### WHAT IS REQUIRED
After finding "My Bed Now Everest" in the data, write out its line and all following lines without change, up to and including the last one. Leave out pictures.
★ ★ ★ ★ ★
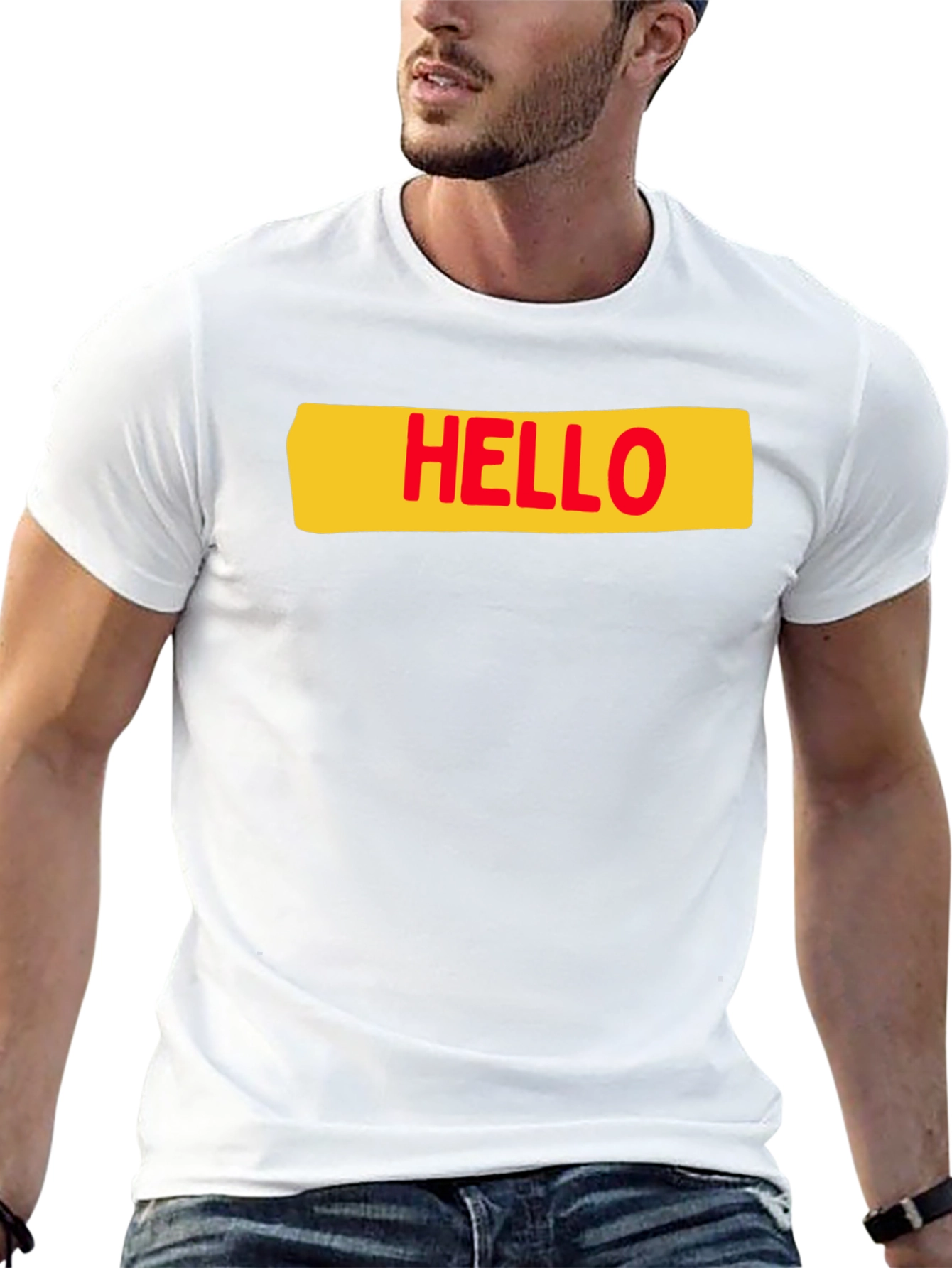 Black Hello T-Shirt - Casual Graphic Tee view 13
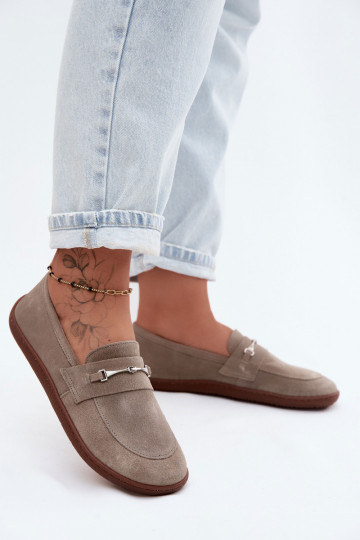 Mokasinai Barefoot iš zomšos Zazoo 322 kapučino spalvos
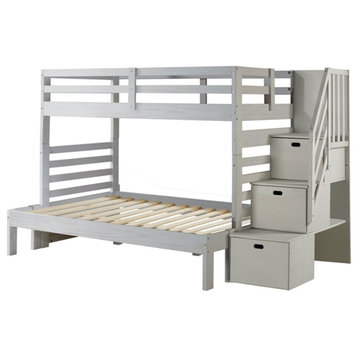 My Bed Now Everest Twin-over-Full Wood Bunk Bed with Staircase in White Mist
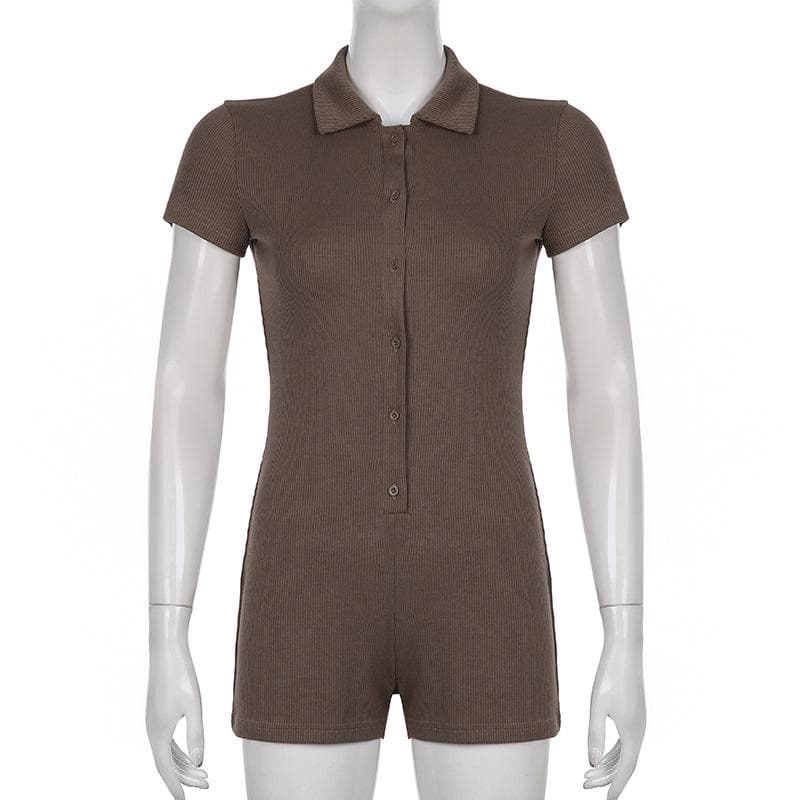Chic Fall Essential: Women's Ribbed Polo Button Romper - Cozy Espresso Brown One-Piece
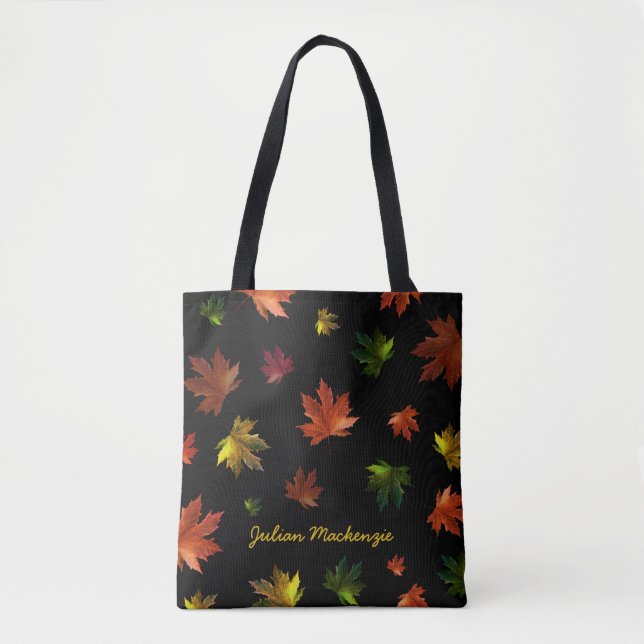 Tote Bag Feuille d'érable canadienne rustique en noir (Devant)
★ ★ ★ ★ ★
### RESULT OF THE EXERCISE
 My Bed Now Everest Twin-over-Full Wood Bunk Bed with Staircase in White Mist
Chic Fall Essential: Women's Ribbed Polo Button Romper - Cozy Espresso Brown One-Piece
 Tote Bag Feuille d'érable canadienne rustique en noir (Devant)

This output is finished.